[Collected data entries]
====================
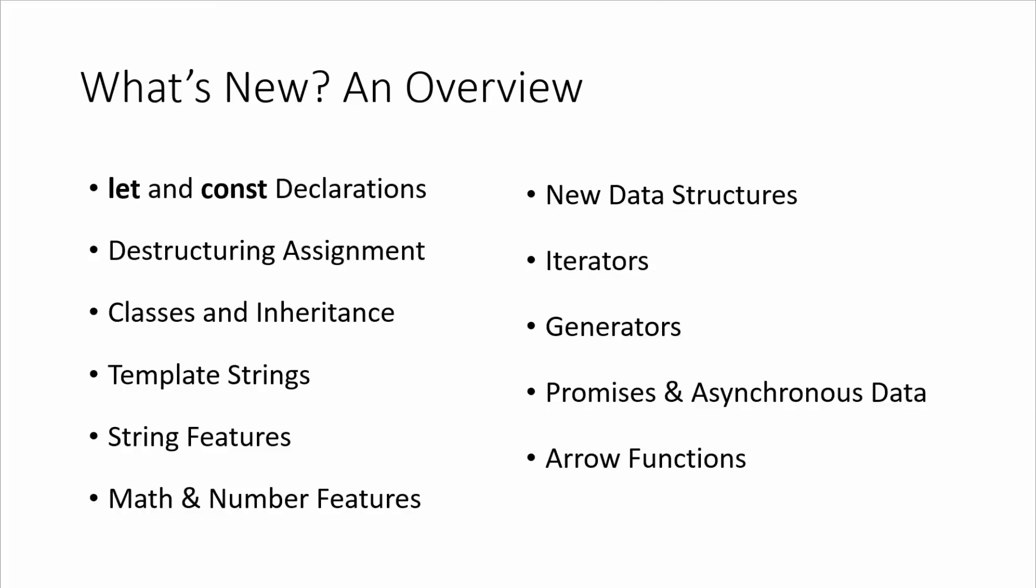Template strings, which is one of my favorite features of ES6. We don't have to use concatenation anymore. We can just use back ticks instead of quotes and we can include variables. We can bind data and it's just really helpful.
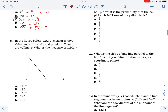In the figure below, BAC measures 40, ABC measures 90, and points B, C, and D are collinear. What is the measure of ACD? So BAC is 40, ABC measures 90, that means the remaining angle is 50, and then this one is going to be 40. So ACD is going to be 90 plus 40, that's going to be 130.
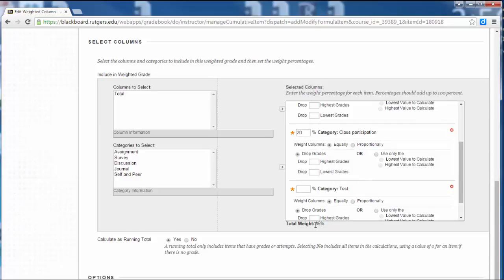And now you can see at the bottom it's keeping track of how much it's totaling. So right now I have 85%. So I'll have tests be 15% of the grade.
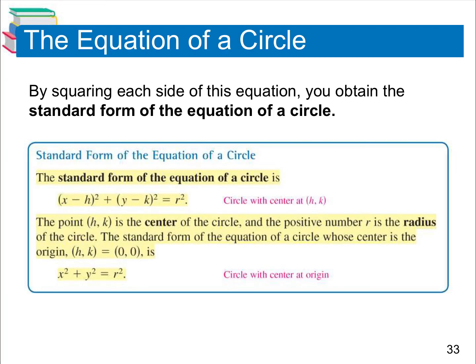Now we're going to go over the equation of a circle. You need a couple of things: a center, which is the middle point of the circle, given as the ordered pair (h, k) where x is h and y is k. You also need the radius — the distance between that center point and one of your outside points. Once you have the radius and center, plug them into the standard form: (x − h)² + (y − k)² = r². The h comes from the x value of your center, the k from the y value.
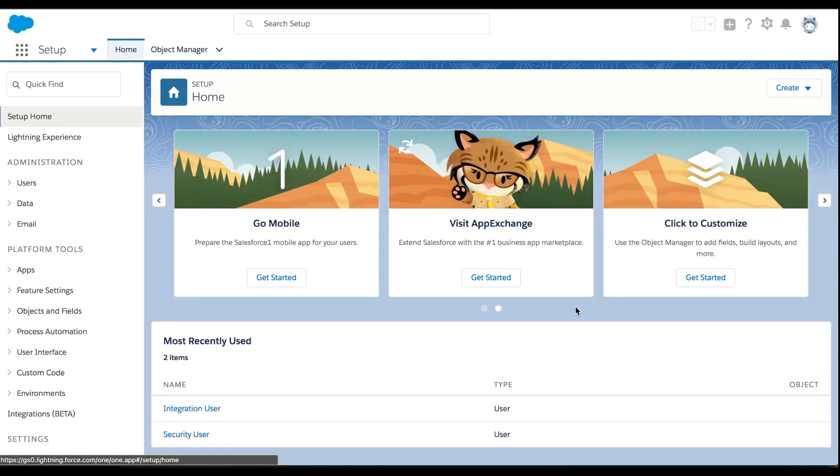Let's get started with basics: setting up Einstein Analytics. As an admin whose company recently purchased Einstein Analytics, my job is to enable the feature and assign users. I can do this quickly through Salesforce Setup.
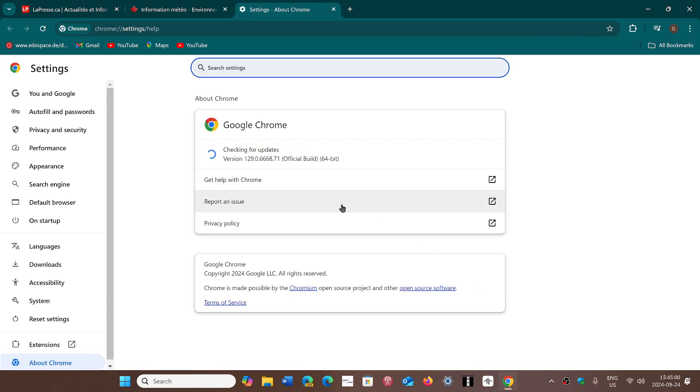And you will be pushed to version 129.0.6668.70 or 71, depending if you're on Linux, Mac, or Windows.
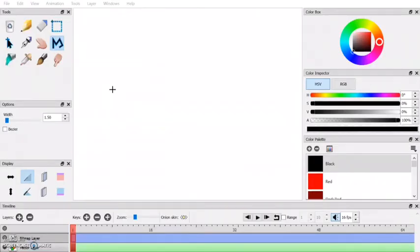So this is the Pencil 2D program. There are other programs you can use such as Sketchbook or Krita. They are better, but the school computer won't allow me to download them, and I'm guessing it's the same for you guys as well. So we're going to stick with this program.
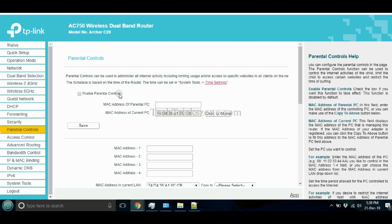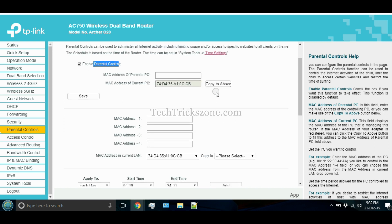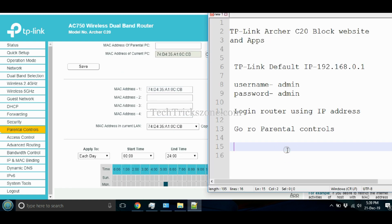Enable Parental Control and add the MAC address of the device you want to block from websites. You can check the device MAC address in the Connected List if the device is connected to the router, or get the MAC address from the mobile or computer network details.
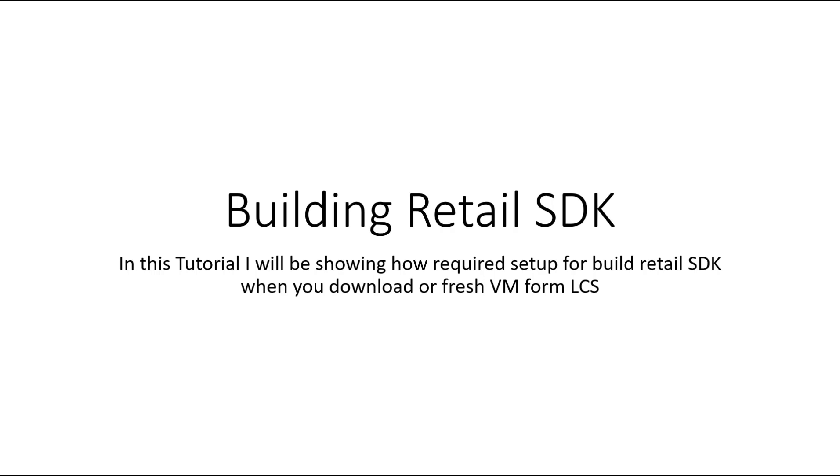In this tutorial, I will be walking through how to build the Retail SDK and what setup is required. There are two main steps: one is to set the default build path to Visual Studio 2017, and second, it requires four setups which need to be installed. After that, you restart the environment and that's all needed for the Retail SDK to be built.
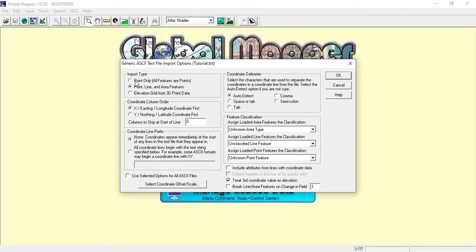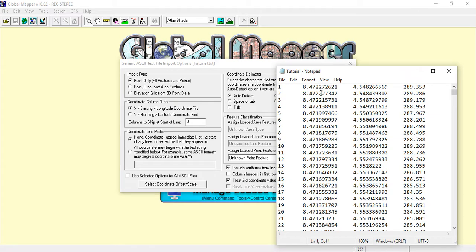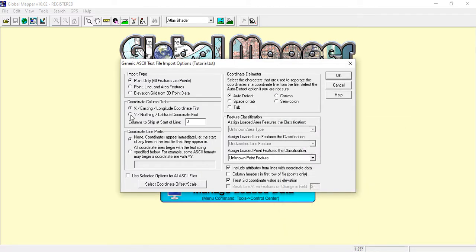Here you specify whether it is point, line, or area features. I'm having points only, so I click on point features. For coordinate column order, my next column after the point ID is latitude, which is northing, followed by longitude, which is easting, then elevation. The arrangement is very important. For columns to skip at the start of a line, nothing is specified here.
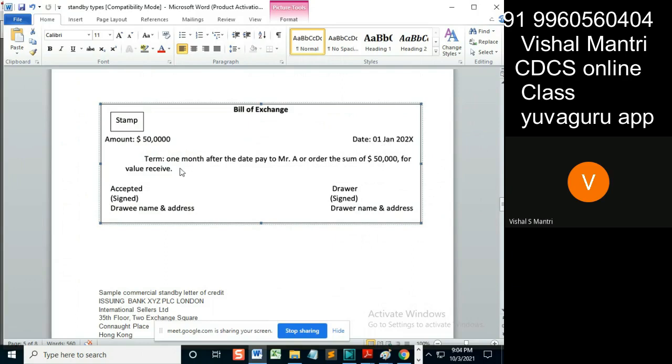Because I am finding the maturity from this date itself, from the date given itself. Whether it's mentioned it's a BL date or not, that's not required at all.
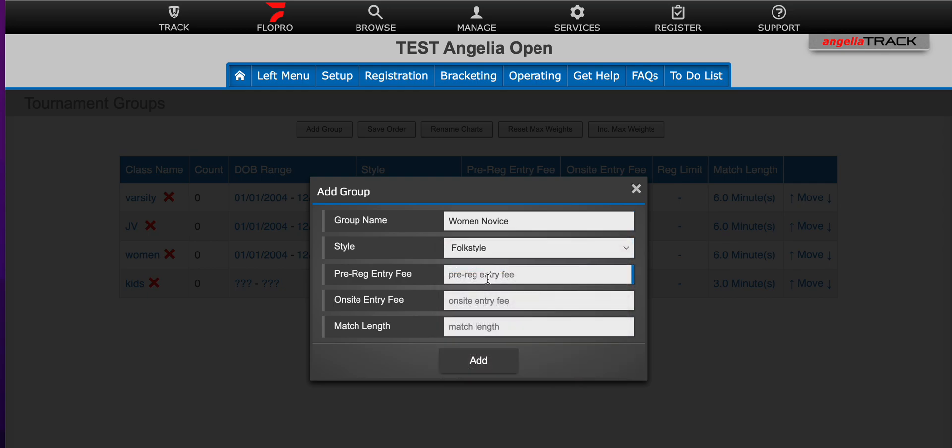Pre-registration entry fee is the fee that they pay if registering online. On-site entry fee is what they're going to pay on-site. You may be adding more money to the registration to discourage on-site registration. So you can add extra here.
====================
Work instruction:
What you write out is the stretch of entries from the line containing "Enable Parental Control" to the line containing "Because I am", word for word, with both end lines and no pictures.

Reply to the exercise:
Enable Parental Control and add the MAC address of the device you want to block from websites. You can check the device MAC address in the Connected List if the device is connected to the router, or get the MAC address from the mobile or computer network details.
In this tutorial, I will be walking through how to build the Retail SDK and what setup is required. There are two main steps: one is to set the default build path to Visual Studio 2017, and second, it requires four setups which need to be installed. After that, you restart the environment and that's all needed for the Retail SDK to be built.
Here you specify whether it is point, line, or area features. I'm having points only, so I click on point features. For coordinate column order, my next column after the point ID is latitude, which is northing, followed by longitude, which is easting, then elevation. The arrangement is very important. For columns to skip at the start of a line, nothing is specified here.
Because I am finding the maturity from this date itself, from the date given itself. Whether it's mentioned it's a BL date or not, that's not required at all.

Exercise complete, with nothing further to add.